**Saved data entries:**
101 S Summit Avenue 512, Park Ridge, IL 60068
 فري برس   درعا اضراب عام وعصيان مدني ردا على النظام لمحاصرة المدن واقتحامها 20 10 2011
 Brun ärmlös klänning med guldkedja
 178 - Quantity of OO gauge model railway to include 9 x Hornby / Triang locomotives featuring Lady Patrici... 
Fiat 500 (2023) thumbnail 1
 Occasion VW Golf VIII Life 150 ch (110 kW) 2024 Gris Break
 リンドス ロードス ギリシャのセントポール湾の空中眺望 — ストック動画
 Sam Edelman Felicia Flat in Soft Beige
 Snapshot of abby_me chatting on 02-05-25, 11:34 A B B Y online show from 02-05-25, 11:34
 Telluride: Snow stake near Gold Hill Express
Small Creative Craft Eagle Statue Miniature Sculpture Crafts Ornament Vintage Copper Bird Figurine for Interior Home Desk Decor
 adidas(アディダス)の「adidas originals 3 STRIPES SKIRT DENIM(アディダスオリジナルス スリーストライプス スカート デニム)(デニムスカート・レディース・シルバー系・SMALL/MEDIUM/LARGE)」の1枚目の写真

**Goal of the exercise:**
Reproduce the data, keeping every line exactly the same.

**Exercise response:**
101 S Summit Avenue 512, Park Ridge, IL 60068
 فري برس   درعا اضراب عام وعصيان مدني ردا على النظام لمحاصرة المدن واقتحامها 20 10 2011
 Brun ärmlös klänning med guldkedja
 178 - Quantity of OO gauge model railway to include 9 x Hornby / Triang locomotives featuring Lady Patrici... 
Fiat 500 (2023) thumbnail 1
 Occasion VW Golf VIII Life 150 ch (110 kW) 2024 Gris Break
 リンドス ロードス ギリシャのセントポール湾の空中眺望 — ストック動画
 Sam Edelman Felicia Flat in Soft Beige
 Snapshot of abby_me chatting on 02-05-25, 11:34 A B B Y online show from 02-05-25, 11:34
 Telluride: Snow stake near Gold Hill Express
Small Creative Craft Eagle Statue Miniature Sculpture Crafts Ornament Vintage Copper Bird Figurine for Interior Home Desk Decor
 adidas(アディダス)の「adidas originals 3 STRIPES SKIRT DENIM(アディダスオリジナルス スリーストライプス スカート デニム)(デニムスカート・レディース・シルバー系・SMALL/MEDIUM/LARGE)」の1枚目の写真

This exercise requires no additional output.